I’m dealing with a Will Trust (now in operation following death of settlor), where there is no express provision in the Will for the Trustees (several trustees, all alive) to appoint additional potential beneficiaries, which they would like to do.
Trying to think of a statutory power or STEP standard provision to allow them to do this but not seeing anything, was hoping somebody may be able to think of something I am not (obvious thing that strikes me is that they have no power to do so because having that power automatically could lead to some fairly clear conflicts with wishes of settlor but would love to be wrong).
The only power I could think of would be the possible exercise of any power of advancement for the benefit of the current beneficiaries by way of varying the trust. You would want to ensure it remained the same settlement for CGT and you have to be clear on the benefit to the current beneficiaries - e.g. it allows them to fulfil their moral obligations to a child. It may well be sensible to run it past counsel.
No power to add unless document includes it ab initio. Outside VTA 1958 also. However depending on the identity of the intended new beneficiaries a “Pilkington advance” might be made under s32 TA.

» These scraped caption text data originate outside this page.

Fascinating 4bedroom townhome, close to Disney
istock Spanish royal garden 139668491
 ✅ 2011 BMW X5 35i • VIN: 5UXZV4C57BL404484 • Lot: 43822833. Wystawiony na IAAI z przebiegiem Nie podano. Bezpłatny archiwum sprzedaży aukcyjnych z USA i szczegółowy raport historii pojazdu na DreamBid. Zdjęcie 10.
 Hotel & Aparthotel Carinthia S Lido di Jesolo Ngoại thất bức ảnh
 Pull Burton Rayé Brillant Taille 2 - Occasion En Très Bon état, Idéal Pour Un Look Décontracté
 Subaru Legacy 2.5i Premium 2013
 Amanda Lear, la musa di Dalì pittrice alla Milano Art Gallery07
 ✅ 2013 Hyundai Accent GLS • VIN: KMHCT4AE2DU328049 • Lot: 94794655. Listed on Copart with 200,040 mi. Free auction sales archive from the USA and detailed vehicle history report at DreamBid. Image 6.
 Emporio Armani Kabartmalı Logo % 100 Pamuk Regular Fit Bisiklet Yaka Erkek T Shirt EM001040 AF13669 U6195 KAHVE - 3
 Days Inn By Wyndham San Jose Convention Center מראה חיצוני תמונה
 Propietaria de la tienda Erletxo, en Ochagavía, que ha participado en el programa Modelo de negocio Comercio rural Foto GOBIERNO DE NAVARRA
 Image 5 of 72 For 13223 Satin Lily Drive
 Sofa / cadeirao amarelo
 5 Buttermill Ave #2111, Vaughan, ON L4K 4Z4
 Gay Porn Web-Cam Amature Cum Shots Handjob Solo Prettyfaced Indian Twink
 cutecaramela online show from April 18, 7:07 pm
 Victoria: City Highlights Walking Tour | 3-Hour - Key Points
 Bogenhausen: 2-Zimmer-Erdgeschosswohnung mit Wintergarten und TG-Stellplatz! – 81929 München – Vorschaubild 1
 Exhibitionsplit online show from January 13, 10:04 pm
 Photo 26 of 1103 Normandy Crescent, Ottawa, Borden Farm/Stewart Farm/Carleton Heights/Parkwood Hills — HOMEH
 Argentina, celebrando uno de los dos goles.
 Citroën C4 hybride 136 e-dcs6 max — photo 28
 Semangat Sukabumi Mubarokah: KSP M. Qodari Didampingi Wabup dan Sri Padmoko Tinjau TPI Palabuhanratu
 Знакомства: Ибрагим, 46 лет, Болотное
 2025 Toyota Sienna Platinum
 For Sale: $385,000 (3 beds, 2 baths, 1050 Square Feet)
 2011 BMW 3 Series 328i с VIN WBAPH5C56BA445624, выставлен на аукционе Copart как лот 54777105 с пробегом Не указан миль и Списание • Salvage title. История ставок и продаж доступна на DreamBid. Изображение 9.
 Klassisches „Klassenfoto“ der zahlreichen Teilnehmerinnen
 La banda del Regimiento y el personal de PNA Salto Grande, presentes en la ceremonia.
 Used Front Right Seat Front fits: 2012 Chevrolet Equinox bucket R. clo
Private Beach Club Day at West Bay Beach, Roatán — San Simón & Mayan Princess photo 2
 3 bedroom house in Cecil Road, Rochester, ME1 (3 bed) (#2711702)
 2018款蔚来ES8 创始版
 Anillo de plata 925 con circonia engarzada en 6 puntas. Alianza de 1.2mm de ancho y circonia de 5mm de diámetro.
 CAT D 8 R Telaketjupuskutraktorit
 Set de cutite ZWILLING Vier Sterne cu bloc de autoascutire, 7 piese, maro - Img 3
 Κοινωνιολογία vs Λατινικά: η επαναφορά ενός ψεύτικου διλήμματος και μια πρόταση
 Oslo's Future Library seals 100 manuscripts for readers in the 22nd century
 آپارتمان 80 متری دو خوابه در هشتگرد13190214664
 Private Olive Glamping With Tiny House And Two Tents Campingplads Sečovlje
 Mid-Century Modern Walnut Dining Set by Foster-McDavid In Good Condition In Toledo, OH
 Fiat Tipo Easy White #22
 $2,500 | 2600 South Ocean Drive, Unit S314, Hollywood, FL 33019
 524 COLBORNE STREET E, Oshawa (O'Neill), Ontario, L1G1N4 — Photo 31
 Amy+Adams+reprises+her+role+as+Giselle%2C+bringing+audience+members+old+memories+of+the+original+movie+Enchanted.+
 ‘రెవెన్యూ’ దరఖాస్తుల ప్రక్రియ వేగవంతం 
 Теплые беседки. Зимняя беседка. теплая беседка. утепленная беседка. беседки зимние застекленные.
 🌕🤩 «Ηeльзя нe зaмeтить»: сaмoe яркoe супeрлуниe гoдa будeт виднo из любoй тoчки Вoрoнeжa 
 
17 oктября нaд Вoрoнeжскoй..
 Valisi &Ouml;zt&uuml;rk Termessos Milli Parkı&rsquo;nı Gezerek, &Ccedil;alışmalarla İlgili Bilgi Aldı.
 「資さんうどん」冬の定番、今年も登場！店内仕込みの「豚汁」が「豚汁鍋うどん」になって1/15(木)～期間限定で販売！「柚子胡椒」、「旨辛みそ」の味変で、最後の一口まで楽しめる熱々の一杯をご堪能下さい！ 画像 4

The widest possible use of this power is to provide a benefit to a beneficiary’s family, which benefits the beneficiary as it relieves them of a duty to make their own provision for them
Some commentators are concerned that s32 cannot be used to create a DT. I think it can if the class is restricted to family (and perhaps, within sensible limits, charity if only as a default beneficiary:Re Clore’s Settlement Trusts  1 WLR 955) and it would be helpful if the document specifically allowed delegation of discretionary powers, as powers of appointment are often drafted. But if the present trustees are the first trustees of the DT this would not seem open to challenge,
Thanks David and Jack, varying the Trust seems to be the idea that is making the most sense to me, the trustees would all be in agreement, though there is no express power given in the Deed to allow it, is that a problem as far as you know? There are no named minor beneficiaries, though there would be under the classes mentioned.